Other Python literature
Here we give some hints to literature on Python which can serve as complementary sources or as texts for parallel reading. Most introductory books on Python are devoted to teach this language as a general purpose tool. One excellent example which we want to mention here explicitly is [19]. It explains the language by simple examples, e.g. object oriented programming is explained by organizing a pizza bakery.
There are very few books dedicated to Python directed towards scientific computing and engineering. Among these few books we would like to mention the two books by Langtangen which combine scientific computing with the modern "pythonic" view on programming, [16,17].
This "pythonic" view is also the guiding line of our way of teaching programming of numerical algorithms. We try to show how many well-established concepts and constructions in computer science can be applied to problems within scientific computing. The pizza-bakery example is replaced by Lagrange polynomials, generators become time stepping methods for ODEs, and so on.

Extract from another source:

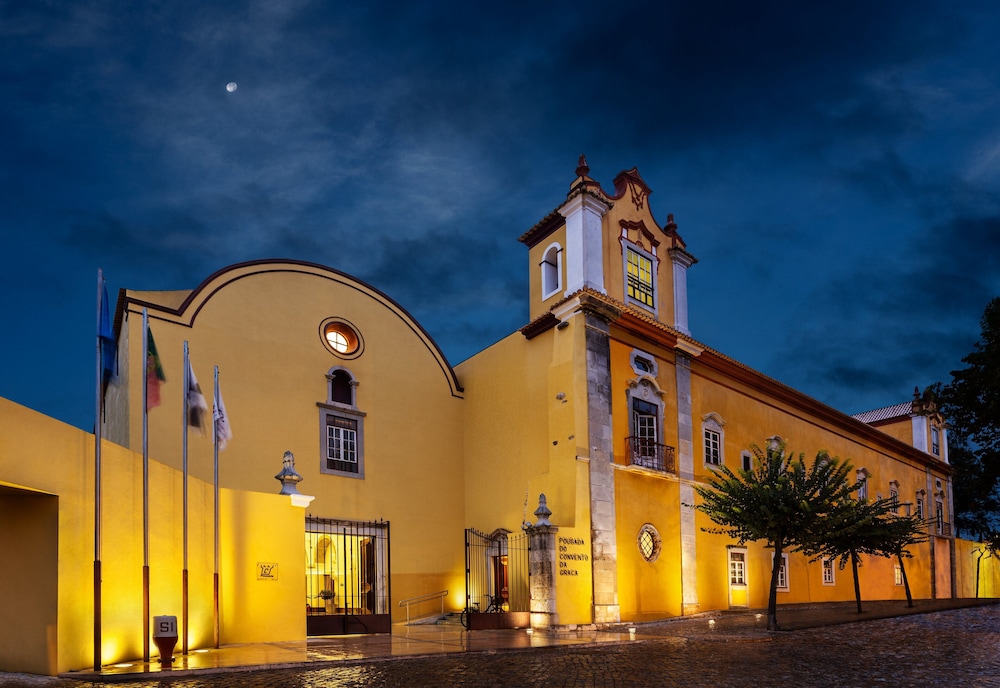 格拉卡修道院塔维拉宾馆 - 历史酒店 - 聖露西亞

Finally we have to mention the nearly infinite amount of literature on the web. The web was also a big source of knowledge when preparing this book. Literature from the web often covers things that are new, but can also be totally outdated. The web also presents solutions and interpretations which might contradict each other. We strongly recommend to use the web as additional source, but we consider a "traditional" textbook with the web resources "edited" as the better entry point to a rich new world.